Généralement venus du Bangladesh ou de Birmanie, cette minorité musulmane tente de fuir les nombreuses persécutions dont elle est victime. Pourtant, de l’autre côté, l’accueil n’est guère plus chaleureux : vendredi 17 novembre, des habitants ont refoulé une embarcation de fortune. Les locaux en colère ont renvoyé à leur errance maritime les 250 Rohingyas suppliant de les laisser entrer, au prétexte que ces réfugiés allaient consommer les ressources déjà limitées sur place. Ce n’est que dimanche que le groupe, exténué, a finalement pu fouler la terre ferme.
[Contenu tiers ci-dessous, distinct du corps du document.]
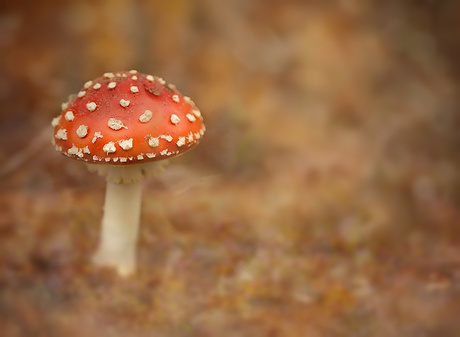 Rood met witte stippen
Le rejet semble aussi être lié au sentiment que des passeurs utiliseraient l’Indonésie comme pays de transit vers la Malaisie. «Nous en avons assez, car lorsqu’ils arrivent sur la terre ferme, ils sont parfois nombreux à s’enfuir. Des sortes de passeurs les récupèrent. C’est du trafic d’êtres humains», a déclaré vendredi Saiful Afwadi, un chef traditionnel du nord de l’Aceh. En 2020, une enquête menée par l’AFP a révélé un trafic de migrants générant plusieurs millions de dollars. Partants d’un camp de réfugiés au Bangladesh jusqu’en Indonésie et en Malaisie, les membres de la communauté rohingyas y joueraient un rôle clé.
Reprise des combats en Birmanie
Cette minorité essentiellement musulmane est persécutée en Birmanie. Bien qu’installés depuis des générations dans le pays, les Rohingyas sont toujours considérés comme des intrus et n’ont ni la nationalité, ni les mêmes droits que les autres habitants. Pour fuir cette discrimination institutionnalisée, des centaines de réfugiés tentent chaque année d’atteindre, au péril de leurs vies, la Malaisie ou l’Indonésie à bord d’embarcations précaires. En 2022, selon le HCR plus de 2 000 ont tenté le voyage risqué vers l’Asie du Sud-Est, parmi lesquels 200 sont morts ou portés disparus.
Ce mois-ci, «il s’agit de la plus forte vague d’arrivées de Rohingyas en Indonésie depuis 2015», a indiqué Ann Maymann, représentante du HCR (Haut Commissariat des Nations unies pour les réfugiés) en Indonésie. Depuis le début du mois de novembre au moins cinq bateaux ont débarqué sur les côtes d’Aceh, avec à bord 1 084 personnes au total.
Cette recrudescence massive d’arrivées en Indonésie peut s’expliquer par une reprise des combats dans l’Etat d’Arakan. Dans cette zone, après un cessez-le-feu informel de douze mois entre l’armée birmane et une alliance de groupe ethniques minoritaires, les affrontements ont recommencé le 27 octobre. Selon l’UNHCR, depuis cette date, 75 civils ont été tués et 200 000 personnes ont été déplacées à l’intérieur du pays. Depuis 2016, le conflit a fait des milliers de morts et amené une partie de la population rohingya à fuir le pays. Beaucoup sont partis au Bangladesh : environ un million y vit aujourd’hui dans le camp de Cox Bazar, proche de la frontière birmane. Les autres tentent de rejoindre l’Indonésie notamment.